Welche Maßnahmen ergreifen die Sicherheitsbehörden zur Bekämpfung rechtsmotivierter Straftaten?

Die Bekämpfung rechtsmotivierter Straf- und Gewalttaten ist ein Kernanliegen der Bundesregierung.

Im Zentrum stehen dabei eine nachhaltige Strafverfolgung, aber auch präventive Maßnahmen, wie zum Beispiel verstärkte Präsenz an Kriminalitätsschwerpunkten oder sogenannte Gefährderansprachen.

Hervorzuheben ist insbesondere das frühzeitige und konsequente Vorgehen der Sicherheitsbehörden und der Justiz gegen rechtsterroristische Strukturen und staatsgefährdende Gewalttäter.

Einen wichtigen Beitrag zur Intensivierung der Kommunikation bis hin zur Koordinierung bundesweiter Maßnahmen hierzu leistet das "Gemeinsame Extremismus- und Terrorismusabwehrzentrum-Rechts" (GETZ-R), in dem neben den Polizeibehörden und dem Verfassungsschutz des Bundes und der Länder auch der Militärische Abschirmdienst (MAD), der Bundesnachrichtendienst (BND), das Zollkriminalamt (ZKA), die Bundespolizei (BPol), der Generalbundesanwalt (GBA) und EUROPOL vertreten sind.

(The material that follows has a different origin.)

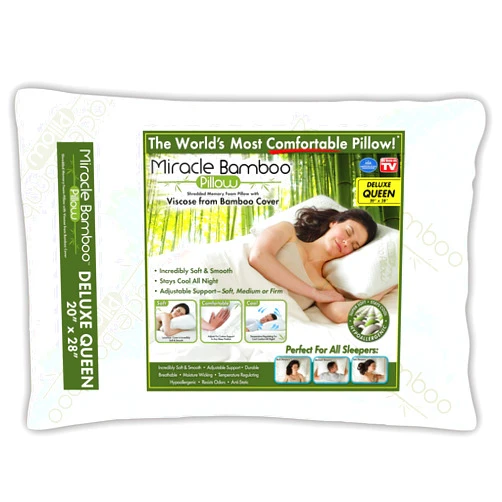 Ontel Miracle Shredded Memory Foam Pillow with Viscose from Bamboo Cover, Queen, White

Nicht zu vergessen sind die zahlreichen Programme der Bundesregierung im großen Bereich der Extremismusprävention. Hier sind insbesondere die Programme "Zusammenhalt durch Teilhabe" mit einem jährlichen Fördervolumen von 12 Mio. Euro und "Demokratie leben!" mit einem Fördervolumen für Bundesprogramme von 48 Mio. Euro sowie die Maßnahmen der Bundeszentrale für politische Bildung mit einem Gesamtfördervolumen von mehr als 30 Mio. Euro zu nennen.